Durante muchos años el violín había sido propiedad de mi familia. Mi abuelo, un recalcitrante melómano, lo había adquirido en Madrid. El antiguo dueño decidió deshacerse de él porque «no era ningún Stradivarius». Resultaba evidente que no entendía demasiado de instrumentos. En la marca que llevaba en su interior se podía leer «Guarneri». Mi abuelo, muy hábil, lo compró como a regañadientes, simulando que le hacía un favor, ya que el instrumento mostraba una pequeña grieta.
Desde entonces ha presidido el mejor lugar en nuestros sucesivos hogares.
Protegido dentro de una delicada caja de madera con adornos de plata, constituía el bien más preciado para mi abuelo quien había intentado repetidas veces que su hijo aprendiera a tocar el violín, pero mi padre tenía un oído para la música similar al de un queso manchego y ambos desistieron.
Cuando nací, ese desenfrenado afán por conseguir que uno de la familia tocara el violín con perfección, me supuso horas de clase con don Cecilio. Paciente, pesado y… prehistórico. Luego estudié en el Conservatorio con excelentes resultados. Todavía recuerdo con cariño a mi profesora de Armonía, se llamaba Maribel y siempre lucía un color de piel envidiable.
Llegó un momento en el que yo debía salir del país para recibir clases de un nivel superior impartido por virtuosos. Lo que hoy en día sería un «máster». Fue entonces cuando a mi madre se le declaró una grave enfermedad cuyo tratamiento era caro, muy caro. De inmediato renuncié al viaje. Mi padre me llamó aquella noche para decirme que no tenía que abandonar los estudios porque tenía unos «dineros ahorrados para situaciones extraordinarias».

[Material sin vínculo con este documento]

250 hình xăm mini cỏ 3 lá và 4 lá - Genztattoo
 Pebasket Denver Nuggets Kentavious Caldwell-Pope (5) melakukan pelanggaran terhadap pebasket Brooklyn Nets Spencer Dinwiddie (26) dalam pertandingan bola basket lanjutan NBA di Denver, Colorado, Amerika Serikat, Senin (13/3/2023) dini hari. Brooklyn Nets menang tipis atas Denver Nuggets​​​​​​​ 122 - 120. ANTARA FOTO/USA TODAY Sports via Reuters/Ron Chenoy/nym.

Tanto insistió que accedí.
Trabajé duro con los profesores en Alemania mientras, mi madre se recuperaba.
Recuerdo que, en la primera Navidad en la que volví a casa, eché en falta la presencia del violín del abuelo.
—Lo están reparando, adujo mi padre.
Entonces fui consciente de la realidad. Sus «dineros ahorrados para situaciones extraordinarias» consistían en la venta del preciado objeto recuerdo de su querido padre.
Seguí estudiando hasta que me convertí en un intérprete reconocido de ámbito mundial.
Mis padres seguían mi trayectoria artística por todo el mundo con orgullo.
Estuvieron a mi lado cuando tuve un affaire con una cantante austriaca que era, lo descubrí algo tarde, una auténtica arpía.
Soportaron con estoicismo las rabietas propias de un artista de élite, los caprichos, las manías…
Acabo de interpretar el «Concierto para violín y orquesta en Re mayor» de Beethoven. Ha sido un éxito. Antes de que los aplausos se extinguieran, pedí que mis padres subieran al escenario. Sorprendidos, subieron al mismo. Solicité un aplauso para ellos. Una niña trajo un enorme ramo de flores que mi madre tomó entre sollozos.
Una segunda niña acercó a mi padre una caja de madera con adornos de plata.